Getting Started with Comotion Python SDK

This documentation helps you get set up on and use the python Comotion SDK. This documentation includes this getting started page, and full documentation on the sdk functions:

This is an open source project, and can be contributed to by the community.

The full Comotion documentation portal can be found here.

Installation

Install the comotion-sdk in your python environment using pip:

pip install comotion-sdk

Uploading Data to Dash: Data Model v1

Note

Comotion has released a new version of our data model in 2025. We refer to the original version as Data Model v1, and the new version as Data Model v2.
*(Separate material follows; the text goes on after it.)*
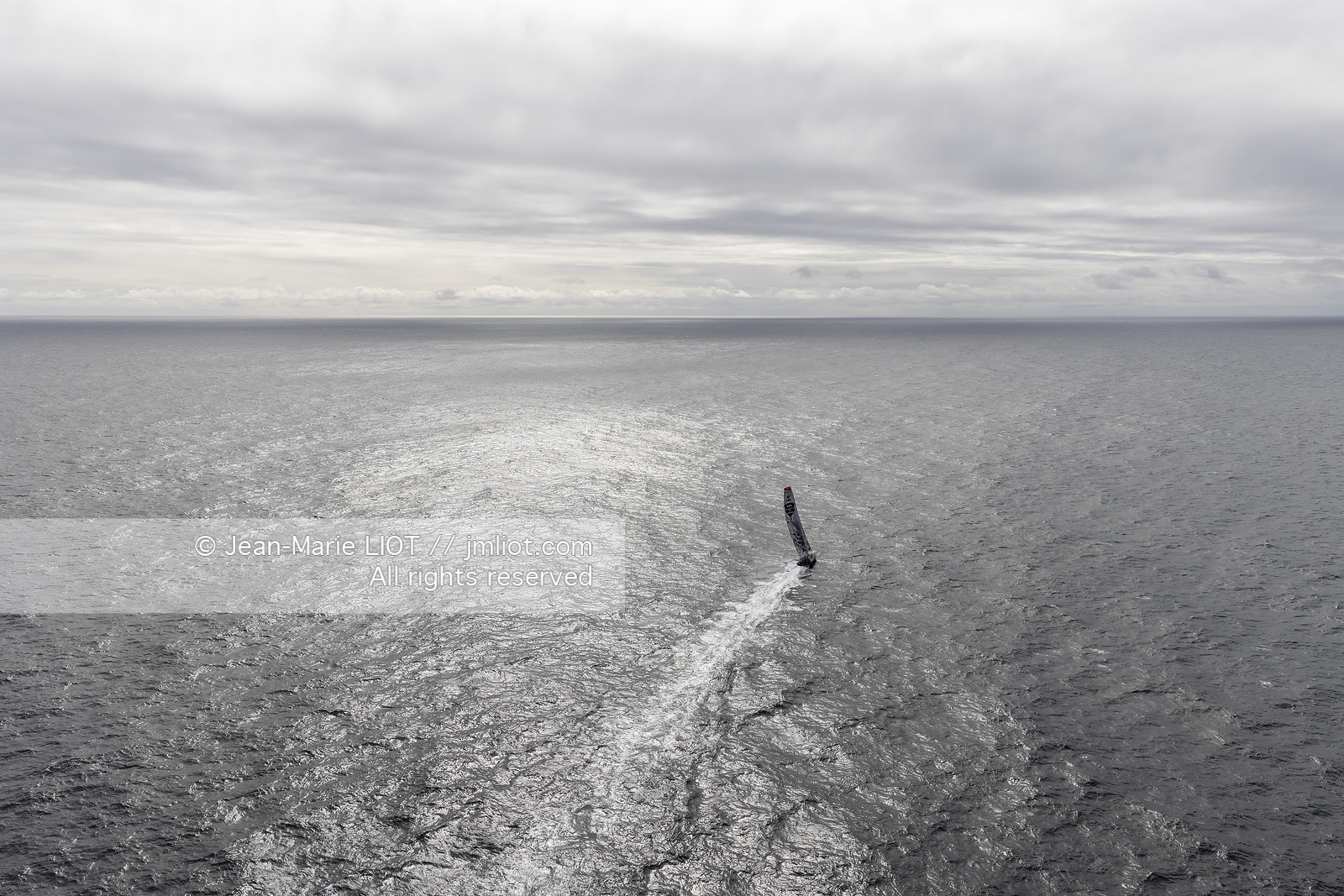 LOUIS DUC 2022 - ROUTE DU RHUM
In order to use the SDK in your python file, you must first import it. In these examples we will import the dash module directly as follows

from comotion import dash

The read_and_upload_file_to_dash function can be used to upload a csv file or stream to Data Model v1.

Uploading a file to Dash

The read_and_upload_file_to_dash reads a csv file, breaks it up, gzips the files and pushes them to the Dash API.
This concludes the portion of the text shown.